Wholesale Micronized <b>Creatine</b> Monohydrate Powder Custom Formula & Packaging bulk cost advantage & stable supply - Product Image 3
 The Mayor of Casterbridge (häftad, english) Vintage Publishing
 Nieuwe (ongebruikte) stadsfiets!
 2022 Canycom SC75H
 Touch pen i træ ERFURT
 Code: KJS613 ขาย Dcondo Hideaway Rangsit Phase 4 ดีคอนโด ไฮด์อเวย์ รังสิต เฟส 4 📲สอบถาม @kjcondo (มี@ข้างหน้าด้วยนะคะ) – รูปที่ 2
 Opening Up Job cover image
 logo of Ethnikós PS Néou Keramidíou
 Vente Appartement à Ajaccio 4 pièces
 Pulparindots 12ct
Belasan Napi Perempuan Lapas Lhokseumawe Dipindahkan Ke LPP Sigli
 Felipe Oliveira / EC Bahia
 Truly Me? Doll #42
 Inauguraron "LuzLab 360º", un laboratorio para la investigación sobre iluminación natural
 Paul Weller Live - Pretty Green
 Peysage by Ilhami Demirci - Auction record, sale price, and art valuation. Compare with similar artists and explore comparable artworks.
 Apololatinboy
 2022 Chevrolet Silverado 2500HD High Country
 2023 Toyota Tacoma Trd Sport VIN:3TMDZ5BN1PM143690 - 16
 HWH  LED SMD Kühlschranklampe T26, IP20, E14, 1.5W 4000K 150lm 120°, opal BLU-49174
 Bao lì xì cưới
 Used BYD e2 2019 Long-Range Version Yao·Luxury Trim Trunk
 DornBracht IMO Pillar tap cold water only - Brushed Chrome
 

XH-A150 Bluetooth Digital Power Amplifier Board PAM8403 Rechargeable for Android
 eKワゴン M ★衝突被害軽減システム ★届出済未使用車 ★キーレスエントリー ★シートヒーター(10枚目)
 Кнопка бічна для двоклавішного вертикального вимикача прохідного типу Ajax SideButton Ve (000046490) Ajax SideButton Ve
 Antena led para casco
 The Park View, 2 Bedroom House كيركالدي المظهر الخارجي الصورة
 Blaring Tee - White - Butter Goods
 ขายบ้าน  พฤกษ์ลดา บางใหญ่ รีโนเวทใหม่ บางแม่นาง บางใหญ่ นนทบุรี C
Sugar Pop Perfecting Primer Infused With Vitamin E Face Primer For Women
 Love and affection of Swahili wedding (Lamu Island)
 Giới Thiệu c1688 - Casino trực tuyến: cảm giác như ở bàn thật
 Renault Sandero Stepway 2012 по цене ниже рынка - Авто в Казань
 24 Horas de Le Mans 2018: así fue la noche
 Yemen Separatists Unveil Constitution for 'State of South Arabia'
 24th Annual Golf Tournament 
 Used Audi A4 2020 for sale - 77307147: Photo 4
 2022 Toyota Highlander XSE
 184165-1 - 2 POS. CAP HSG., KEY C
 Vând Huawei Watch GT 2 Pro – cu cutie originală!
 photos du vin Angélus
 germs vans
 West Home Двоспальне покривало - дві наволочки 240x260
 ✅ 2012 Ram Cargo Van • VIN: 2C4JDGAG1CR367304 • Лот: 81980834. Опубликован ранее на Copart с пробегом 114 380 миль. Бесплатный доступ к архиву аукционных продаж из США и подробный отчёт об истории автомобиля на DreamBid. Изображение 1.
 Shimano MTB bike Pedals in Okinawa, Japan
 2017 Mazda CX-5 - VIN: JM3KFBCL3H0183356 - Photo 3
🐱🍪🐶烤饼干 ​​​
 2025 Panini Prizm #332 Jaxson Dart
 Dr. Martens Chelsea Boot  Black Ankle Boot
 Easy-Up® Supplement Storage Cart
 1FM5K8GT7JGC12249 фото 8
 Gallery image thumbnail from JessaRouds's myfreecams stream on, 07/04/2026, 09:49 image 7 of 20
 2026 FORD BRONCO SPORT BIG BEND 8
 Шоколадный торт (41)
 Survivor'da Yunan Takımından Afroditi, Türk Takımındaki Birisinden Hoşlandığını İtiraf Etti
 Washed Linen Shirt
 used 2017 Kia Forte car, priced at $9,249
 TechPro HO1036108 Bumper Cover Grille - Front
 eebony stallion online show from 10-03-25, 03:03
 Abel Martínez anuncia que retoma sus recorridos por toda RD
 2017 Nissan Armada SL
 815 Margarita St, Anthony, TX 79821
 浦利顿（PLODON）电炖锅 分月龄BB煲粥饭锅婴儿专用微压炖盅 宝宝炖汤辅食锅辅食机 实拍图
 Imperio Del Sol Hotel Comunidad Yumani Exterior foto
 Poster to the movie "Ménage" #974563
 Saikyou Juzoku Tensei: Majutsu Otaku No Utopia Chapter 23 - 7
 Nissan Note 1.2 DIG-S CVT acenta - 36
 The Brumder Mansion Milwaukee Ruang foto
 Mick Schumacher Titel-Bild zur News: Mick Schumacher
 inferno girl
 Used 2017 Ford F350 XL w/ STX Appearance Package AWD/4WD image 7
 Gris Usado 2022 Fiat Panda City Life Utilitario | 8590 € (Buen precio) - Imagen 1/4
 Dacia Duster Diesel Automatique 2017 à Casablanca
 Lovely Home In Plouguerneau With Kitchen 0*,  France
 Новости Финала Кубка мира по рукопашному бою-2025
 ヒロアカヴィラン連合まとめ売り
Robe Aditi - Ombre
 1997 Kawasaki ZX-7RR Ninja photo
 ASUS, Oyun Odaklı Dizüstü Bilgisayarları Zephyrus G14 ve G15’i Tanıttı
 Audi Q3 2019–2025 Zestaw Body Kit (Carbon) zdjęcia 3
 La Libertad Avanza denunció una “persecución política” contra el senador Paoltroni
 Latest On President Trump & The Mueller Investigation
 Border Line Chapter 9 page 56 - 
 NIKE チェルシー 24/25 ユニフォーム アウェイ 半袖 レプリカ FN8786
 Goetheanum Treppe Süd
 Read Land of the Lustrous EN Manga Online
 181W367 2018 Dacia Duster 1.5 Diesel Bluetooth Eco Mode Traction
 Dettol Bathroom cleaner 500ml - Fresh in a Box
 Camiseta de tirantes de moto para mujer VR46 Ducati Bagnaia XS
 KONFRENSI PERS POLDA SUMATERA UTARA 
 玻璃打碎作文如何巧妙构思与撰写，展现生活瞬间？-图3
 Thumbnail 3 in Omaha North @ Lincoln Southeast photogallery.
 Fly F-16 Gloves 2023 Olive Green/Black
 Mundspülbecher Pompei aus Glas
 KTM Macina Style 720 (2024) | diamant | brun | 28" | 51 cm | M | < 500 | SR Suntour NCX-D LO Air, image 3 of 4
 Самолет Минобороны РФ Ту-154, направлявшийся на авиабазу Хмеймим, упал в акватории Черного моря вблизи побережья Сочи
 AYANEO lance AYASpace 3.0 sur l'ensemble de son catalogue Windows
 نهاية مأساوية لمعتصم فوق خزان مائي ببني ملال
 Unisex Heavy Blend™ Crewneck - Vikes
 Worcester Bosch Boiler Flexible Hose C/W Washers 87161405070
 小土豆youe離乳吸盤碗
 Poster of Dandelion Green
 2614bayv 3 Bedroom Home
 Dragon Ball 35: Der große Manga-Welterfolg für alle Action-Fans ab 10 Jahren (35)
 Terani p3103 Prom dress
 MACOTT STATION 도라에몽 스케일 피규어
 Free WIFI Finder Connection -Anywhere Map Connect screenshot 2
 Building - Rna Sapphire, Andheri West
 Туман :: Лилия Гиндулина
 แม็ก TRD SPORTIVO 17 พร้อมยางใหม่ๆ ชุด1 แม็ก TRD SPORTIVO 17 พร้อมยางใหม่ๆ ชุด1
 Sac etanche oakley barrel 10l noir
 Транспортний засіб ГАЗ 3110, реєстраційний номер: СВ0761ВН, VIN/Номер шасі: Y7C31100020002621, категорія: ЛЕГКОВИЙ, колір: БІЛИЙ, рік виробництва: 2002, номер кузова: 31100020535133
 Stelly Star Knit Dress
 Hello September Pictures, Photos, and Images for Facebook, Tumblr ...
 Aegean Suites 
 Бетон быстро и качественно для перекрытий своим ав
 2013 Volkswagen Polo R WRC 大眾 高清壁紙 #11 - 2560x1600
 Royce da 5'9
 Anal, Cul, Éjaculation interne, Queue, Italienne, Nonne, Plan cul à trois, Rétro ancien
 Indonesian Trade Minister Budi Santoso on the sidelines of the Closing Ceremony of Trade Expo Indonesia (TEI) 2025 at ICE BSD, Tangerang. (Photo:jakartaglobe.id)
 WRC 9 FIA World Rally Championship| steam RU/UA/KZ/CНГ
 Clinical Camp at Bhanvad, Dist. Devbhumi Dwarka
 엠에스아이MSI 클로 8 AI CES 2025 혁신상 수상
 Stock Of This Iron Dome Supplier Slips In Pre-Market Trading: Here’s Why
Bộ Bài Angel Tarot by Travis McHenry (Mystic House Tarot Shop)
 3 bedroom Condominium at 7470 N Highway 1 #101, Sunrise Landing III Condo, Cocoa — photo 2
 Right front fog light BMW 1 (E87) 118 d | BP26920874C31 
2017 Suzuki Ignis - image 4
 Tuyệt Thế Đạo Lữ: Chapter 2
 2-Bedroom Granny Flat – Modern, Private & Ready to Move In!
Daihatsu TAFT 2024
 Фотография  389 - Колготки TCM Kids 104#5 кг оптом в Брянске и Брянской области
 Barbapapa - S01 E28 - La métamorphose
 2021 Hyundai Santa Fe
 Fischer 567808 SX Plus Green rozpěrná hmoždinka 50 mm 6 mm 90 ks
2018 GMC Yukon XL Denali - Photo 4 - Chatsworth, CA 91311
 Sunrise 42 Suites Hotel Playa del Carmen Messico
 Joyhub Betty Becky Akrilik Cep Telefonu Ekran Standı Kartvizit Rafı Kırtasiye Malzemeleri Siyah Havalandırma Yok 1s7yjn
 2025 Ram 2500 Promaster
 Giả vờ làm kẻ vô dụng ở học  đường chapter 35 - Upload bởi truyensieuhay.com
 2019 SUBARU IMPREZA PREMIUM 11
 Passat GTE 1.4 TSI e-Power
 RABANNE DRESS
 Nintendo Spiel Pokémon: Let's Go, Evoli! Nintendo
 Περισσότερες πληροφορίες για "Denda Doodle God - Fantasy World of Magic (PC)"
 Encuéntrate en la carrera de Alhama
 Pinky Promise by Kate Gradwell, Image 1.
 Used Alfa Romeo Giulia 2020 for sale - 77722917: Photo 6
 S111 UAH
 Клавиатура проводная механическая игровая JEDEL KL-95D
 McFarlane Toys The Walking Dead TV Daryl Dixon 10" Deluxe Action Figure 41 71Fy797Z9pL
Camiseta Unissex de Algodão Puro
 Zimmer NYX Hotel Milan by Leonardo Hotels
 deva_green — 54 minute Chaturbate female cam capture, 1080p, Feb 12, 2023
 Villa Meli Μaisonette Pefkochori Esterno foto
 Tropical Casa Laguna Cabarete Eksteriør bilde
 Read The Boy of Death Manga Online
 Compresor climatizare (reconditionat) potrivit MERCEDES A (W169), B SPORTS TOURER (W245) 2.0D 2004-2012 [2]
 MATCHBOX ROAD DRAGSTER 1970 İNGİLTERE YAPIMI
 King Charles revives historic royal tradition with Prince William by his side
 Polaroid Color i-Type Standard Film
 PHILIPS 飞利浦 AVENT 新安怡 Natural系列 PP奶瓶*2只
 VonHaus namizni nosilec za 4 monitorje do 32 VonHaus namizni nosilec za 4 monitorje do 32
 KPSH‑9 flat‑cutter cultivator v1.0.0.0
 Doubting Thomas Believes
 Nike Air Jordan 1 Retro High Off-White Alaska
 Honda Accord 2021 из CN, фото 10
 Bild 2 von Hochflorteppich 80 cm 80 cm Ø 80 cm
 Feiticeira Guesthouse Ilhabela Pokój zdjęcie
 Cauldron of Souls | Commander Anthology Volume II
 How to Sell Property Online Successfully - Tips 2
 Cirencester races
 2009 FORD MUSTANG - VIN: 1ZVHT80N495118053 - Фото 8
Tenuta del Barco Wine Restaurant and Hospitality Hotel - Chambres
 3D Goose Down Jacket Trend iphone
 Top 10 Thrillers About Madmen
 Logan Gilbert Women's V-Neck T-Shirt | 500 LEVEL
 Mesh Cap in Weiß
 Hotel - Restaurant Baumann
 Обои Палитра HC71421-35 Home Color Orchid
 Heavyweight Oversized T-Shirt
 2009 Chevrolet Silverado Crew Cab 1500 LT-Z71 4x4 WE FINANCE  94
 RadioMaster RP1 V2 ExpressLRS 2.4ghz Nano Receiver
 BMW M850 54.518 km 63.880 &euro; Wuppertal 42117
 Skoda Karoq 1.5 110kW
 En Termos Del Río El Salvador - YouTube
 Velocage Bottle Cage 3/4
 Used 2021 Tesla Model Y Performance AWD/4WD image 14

__Prompt__: Retype exactly the lines of the data above, starting at its first line and finishing with the line that has "logo of Ethnikós PS Néou Keramidíou" in it.

__Answer section__:
Wholesale Micronized <b>Creatine</b> Monohydrate Powder Custom Formula & Packaging bulk cost advantage & stable supply - Product Image 3
 The Mayor of Casterbridge (häftad, english) Vintage Publishing
 Nieuwe (ongebruikte) stadsfiets!
 2022 Canycom SC75H
 Touch pen i træ ERFURT
 Code: KJS613 ขาย Dcondo Hideaway Rangsit Phase 4 ดีคอนโด ไฮด์อเวย์ รังสิต เฟส 4 📲สอบถาม @kjcondo (มี@ข้างหน้าด้วยนะคะ) – รูปที่ 2
 Opening Up Job cover image
 logo of Ethnikós PS Néou Keramidíou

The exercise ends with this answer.